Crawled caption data
***

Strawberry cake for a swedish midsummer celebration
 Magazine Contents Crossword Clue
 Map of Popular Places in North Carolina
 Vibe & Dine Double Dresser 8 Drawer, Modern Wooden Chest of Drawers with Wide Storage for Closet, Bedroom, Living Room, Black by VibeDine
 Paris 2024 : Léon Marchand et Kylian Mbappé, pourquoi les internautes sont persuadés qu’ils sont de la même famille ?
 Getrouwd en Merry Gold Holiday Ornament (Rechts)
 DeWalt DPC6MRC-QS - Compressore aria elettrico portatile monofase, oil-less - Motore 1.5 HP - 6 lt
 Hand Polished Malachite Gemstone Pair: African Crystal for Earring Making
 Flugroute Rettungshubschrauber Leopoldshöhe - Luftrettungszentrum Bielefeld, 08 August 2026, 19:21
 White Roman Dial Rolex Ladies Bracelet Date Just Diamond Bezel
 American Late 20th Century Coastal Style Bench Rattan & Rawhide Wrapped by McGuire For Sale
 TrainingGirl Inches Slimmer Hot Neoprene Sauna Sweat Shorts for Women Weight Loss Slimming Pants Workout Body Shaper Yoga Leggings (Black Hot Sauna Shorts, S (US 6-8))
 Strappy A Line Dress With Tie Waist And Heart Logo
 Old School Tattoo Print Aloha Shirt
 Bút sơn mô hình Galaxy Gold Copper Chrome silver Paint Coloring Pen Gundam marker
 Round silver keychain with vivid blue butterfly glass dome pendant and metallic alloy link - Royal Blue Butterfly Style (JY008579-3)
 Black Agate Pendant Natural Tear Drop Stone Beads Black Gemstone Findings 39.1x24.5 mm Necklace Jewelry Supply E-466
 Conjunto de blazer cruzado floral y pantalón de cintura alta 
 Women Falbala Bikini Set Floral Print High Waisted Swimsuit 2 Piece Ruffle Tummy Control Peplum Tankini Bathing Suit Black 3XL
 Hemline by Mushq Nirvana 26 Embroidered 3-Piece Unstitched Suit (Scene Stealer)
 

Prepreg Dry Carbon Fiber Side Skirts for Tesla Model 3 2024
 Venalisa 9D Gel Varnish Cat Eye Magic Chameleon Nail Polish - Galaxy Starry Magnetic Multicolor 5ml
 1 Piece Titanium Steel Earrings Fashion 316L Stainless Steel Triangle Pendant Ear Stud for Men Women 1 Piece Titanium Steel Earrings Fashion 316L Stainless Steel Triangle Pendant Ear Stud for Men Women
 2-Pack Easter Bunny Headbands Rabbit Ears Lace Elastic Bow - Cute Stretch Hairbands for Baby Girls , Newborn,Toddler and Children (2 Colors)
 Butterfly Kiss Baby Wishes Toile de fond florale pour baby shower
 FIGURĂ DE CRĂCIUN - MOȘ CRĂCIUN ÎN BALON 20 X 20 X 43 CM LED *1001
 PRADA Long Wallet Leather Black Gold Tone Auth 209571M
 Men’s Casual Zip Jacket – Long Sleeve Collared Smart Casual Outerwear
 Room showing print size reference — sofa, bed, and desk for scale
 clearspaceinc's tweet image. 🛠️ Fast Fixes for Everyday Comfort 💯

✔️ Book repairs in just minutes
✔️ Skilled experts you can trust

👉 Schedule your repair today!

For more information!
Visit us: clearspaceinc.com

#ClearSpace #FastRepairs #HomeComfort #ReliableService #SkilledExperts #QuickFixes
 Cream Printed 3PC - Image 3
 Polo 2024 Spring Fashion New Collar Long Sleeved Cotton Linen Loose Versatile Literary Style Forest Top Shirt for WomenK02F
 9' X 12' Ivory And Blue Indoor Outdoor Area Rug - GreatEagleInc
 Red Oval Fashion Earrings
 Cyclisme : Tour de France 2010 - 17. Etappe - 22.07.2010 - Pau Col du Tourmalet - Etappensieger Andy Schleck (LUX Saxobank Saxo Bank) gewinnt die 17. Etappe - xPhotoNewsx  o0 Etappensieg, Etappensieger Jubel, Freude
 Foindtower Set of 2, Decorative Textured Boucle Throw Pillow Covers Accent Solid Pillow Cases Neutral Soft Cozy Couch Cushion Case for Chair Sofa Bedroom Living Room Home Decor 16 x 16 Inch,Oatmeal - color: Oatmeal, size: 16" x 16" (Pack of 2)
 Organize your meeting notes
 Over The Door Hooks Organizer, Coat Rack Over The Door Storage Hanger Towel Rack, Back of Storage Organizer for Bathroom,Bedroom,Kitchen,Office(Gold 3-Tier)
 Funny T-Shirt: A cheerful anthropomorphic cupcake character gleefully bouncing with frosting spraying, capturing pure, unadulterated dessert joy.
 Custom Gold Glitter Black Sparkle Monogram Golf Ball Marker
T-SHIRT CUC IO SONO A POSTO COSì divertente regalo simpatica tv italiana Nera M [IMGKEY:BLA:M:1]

***

| Assignment |
All lines of the entries above where "Piece" turns up should be reported.

| Your solution |
 Women Falbala Bikini Set Floral Print High Waisted Swimsuit 2 Piece Ruffle Tummy Control Peplum Tankini Bathing Suit Black 3XL
 Hemline by Mushq Nirvana 26 Embroidered 3-Piece Unstitched Suit (Scene Stealer)
 1 Piece Titanium Steel Earrings Fashion 316L Stainless Steel Triangle Pendant Ear Stud for Men Women 1 Piece Titanium Steel Earrings Fashion 316L Stainless Steel Triangle Pendant Ear Stud for Men Women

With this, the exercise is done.